Re: [PATCH] mm: switch deferred split shrinker to list_lru

From: Dave Chinner

Date: Wed Mar 11 2026 - 18:23:49 EST


On Wed, Mar 11, 2026 at 11:43:58AM -0400, Johannes Weiner wrote:
> The deferred split queue handles cgroups in a suboptimal fashion. The
> queue is per-NUMA node or per-cgroup, not the intersection. That means
> on a cgrouped system, a node-restricted allocation entering reclaim
> can end up splitting large pages on other nodes:
>
> alloc/unmap
> deferred_split_folio()
> list_add_tail(memcg->split_queue)
> set_shrinker_bit(memcg, node, deferred_shrinker_id)
>
> for_each_zone_zonelist_nodemask(restricted_nodes)
> mem_cgroup_iter()
> shrink_slab(node, memcg)
> shrink_slab_memcg(node, memcg)
> if test_shrinker_bit(memcg, node, deferred_shrinker_id)
> deferred_split_scan()
> walks memcg->split_queue
>
> The shrinker bit adds an imperfect guard rail. As soon as the cgroup
> has a single large page on the node of interest, all large pages owned
> by that memcg, including those on other nodes, will be split.
>
> list_lru properly sets up per-node, per-cgroup lists.
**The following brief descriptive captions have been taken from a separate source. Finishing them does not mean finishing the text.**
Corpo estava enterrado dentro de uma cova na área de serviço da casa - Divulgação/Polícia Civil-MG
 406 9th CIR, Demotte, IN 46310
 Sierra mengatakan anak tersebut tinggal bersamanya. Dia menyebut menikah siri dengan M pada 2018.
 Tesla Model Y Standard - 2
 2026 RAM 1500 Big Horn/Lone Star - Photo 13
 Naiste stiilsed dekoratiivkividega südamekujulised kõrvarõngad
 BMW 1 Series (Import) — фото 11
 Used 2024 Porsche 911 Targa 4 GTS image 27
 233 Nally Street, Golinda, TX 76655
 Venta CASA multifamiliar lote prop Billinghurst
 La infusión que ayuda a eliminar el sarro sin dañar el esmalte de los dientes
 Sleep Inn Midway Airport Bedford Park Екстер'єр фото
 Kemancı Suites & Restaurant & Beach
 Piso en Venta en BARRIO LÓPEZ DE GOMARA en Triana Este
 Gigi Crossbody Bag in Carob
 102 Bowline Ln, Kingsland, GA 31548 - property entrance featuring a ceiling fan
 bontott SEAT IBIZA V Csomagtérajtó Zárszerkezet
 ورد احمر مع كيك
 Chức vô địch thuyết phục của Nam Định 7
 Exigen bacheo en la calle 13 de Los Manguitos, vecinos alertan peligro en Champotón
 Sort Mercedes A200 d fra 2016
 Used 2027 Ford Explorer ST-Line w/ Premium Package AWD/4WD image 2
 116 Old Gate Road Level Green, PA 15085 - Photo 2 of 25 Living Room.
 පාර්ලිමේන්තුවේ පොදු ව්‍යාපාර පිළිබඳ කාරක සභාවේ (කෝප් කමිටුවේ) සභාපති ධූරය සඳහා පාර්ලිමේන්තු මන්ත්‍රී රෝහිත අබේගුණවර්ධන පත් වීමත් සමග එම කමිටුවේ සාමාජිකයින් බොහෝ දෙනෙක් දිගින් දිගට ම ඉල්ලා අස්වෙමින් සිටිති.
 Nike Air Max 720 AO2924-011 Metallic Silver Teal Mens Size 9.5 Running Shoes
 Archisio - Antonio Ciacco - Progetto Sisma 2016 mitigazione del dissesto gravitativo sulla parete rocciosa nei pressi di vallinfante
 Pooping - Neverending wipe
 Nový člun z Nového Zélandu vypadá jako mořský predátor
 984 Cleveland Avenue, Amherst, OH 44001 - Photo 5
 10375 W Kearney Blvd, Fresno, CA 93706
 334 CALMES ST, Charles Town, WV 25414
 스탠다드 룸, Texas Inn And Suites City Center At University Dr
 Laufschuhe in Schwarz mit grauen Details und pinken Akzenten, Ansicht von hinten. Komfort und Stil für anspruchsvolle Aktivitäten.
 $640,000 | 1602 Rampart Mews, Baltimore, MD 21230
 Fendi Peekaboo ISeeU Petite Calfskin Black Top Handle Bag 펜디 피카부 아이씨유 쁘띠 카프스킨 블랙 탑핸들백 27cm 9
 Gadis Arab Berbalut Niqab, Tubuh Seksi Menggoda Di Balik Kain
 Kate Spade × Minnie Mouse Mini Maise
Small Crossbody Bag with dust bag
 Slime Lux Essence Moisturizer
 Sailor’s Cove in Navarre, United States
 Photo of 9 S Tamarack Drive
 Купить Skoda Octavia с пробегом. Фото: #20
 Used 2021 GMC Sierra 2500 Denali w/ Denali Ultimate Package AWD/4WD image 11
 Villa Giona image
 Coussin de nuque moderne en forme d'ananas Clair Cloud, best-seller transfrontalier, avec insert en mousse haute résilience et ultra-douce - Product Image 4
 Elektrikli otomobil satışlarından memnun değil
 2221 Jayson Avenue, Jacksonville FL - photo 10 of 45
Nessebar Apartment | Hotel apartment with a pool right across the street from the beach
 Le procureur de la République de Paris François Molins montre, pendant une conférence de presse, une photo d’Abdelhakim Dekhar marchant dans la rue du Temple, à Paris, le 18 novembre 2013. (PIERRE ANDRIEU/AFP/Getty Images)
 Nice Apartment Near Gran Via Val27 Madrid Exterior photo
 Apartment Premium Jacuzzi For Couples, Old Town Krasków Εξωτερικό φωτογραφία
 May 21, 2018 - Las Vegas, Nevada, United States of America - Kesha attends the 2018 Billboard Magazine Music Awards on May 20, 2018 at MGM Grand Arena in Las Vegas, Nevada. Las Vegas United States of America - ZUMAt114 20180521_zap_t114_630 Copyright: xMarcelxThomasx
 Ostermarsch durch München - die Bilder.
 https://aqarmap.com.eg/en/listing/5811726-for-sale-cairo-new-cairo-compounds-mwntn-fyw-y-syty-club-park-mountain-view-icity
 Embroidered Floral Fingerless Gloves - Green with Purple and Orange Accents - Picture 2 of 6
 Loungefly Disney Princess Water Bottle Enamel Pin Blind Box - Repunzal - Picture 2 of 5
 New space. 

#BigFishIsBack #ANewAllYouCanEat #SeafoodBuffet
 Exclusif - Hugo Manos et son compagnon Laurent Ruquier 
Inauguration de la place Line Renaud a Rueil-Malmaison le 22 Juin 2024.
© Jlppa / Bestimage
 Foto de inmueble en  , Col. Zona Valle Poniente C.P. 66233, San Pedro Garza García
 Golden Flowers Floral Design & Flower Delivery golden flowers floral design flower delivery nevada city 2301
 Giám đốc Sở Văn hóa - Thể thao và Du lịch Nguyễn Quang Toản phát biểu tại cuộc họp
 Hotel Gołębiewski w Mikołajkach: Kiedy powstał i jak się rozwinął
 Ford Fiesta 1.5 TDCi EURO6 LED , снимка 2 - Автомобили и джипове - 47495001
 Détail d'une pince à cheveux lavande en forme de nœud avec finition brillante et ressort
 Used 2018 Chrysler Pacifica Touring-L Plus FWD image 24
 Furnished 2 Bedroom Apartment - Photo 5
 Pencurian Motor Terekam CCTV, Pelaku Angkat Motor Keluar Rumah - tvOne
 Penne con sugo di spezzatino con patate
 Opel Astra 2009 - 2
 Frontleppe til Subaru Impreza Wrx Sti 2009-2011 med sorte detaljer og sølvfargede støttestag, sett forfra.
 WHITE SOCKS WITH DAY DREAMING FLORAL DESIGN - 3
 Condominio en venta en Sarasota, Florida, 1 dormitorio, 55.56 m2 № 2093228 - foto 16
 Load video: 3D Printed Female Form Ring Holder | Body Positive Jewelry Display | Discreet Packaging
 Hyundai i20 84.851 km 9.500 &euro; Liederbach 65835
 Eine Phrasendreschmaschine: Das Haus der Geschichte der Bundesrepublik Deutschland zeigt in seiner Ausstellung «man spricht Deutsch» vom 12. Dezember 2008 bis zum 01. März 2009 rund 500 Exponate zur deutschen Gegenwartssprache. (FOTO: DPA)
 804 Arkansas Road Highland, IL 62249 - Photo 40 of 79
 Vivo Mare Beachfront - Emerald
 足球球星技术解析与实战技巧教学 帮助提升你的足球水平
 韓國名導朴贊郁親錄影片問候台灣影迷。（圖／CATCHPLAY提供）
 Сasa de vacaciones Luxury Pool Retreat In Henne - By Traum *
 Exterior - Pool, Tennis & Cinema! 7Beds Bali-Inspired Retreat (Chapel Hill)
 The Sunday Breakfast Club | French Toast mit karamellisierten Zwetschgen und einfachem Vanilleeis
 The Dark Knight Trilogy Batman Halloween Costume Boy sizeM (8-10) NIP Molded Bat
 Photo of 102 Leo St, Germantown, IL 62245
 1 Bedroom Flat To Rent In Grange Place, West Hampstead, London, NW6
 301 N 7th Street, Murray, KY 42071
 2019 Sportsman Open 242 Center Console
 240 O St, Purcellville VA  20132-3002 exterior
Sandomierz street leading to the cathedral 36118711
As a bonus, it
> streamlines a lot of the list operations and reclaim walks. It's used
> widely by other major shrinkers already. Convert the deferred split
> queue as well.
>
> The list_lru per-memcg heads are instantiated on demand when the first
> object of interest is allocated for a cgroup, by calling
> memcg_list_lru_alloc(). Add calls to where splittable pages are
> created: anon faults, swapin faults, khugepaged collapse.
>
> These calls create all possible node heads for the cgroup at once, so
> the migration code (between nodes) doesn't need any special care.
>
> The folio_test_partially_mapped() state is currently protected and
> serialized wrt LRU state by the deferred split queue lock. To
> facilitate the transition, add helpers to the list_lru API to allow
> caller-side locking.
>
> Signed-off-by: Johannes Weiner <hannes@xxxxxxxxxxx>
> ---
> include/linux/huge_mm.h | 6 +-
> include/linux/list_lru.h | 48 ++++++
> include/linux/memcontrol.h | 4 -
> include/linux/mmzone.h | 12 --
> mm/huge_memory.c | 326 +++++++++++--------------------------
> mm/internal.h | 2 +-
> mm/khugepaged.c | 7 +
> mm/list_lru.c | 197 ++++++++++++++--------
> mm/memcontrol.c | 12 +-
> mm/memory.c | 52 +++---
> mm/mm_init.c | 14 --
> 11 files changed, 310 insertions(+), 370 deletions(-)

Can you please split this up into multiple patches (i.e. one logical
change per patch) to make it easier to review?

i.e. just from the list-lru persepective, there's multiple complex
changes in the series - locking API changes, new locking primitives,
internally locked functions exposed to callers allowing external
locking, etc. These need to be looked at individually and in
isolation so we can actually discuss the finer details, and that's
almost impossible to do when they are all smashed into one massive
patch.

-Dave.
--
Dave Chinner
dgc@xxxxxxxxxx